TASK GOAL
I would like the line with "Wiseco Kolbenset BBC" and every line after it, down to the end of the entries below, output exactly and without pictures.

╭─ SUPPLIED RECORDS

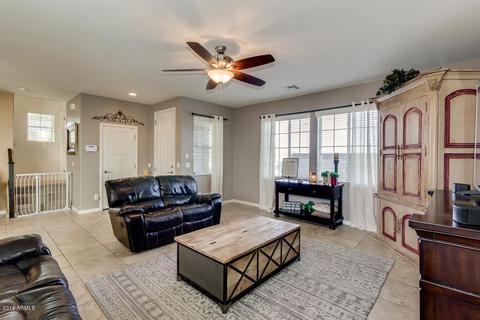 10413 E Natal Ave, Mesa, AZ 85209 photo 7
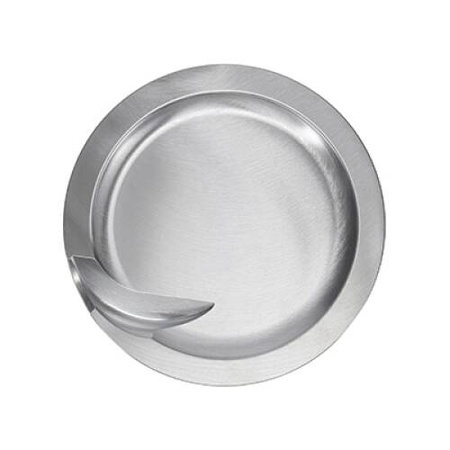 Wiseco Kolbenset BBC Turbo -28cc 1.395 CH B:4.530 - K0133A3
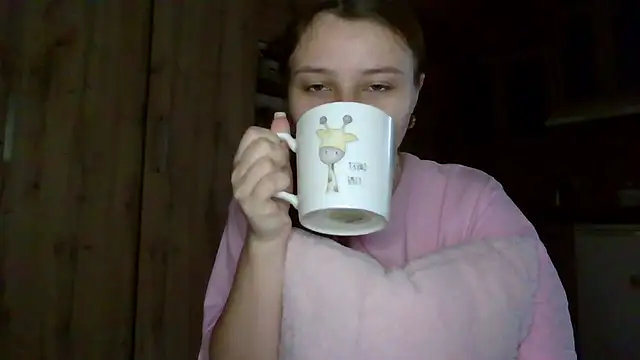 Little shygirl online show from 11/08/25, 05:33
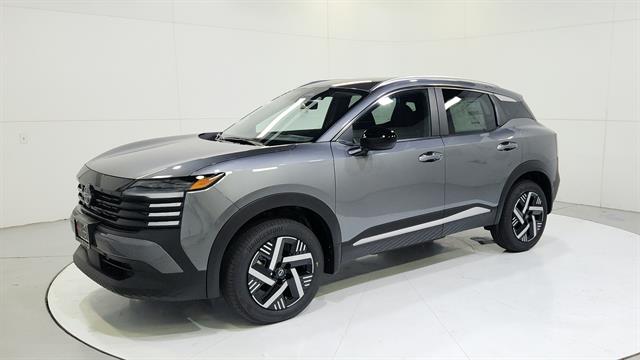 car-gallery-3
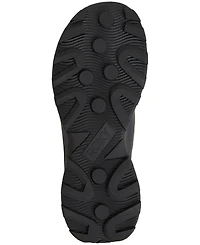Roxy Women's Everest Snow Lace Up Boots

╰─

RESULT
 Wiseco Kolbenset BBC Turbo -28cc 1.395 CH B:4.530 - K0133A3
 Little shygirl online show from 11/08/25, 05:33
 car-gallery-3
Roxy Women's Everest Snow Lace Up Boots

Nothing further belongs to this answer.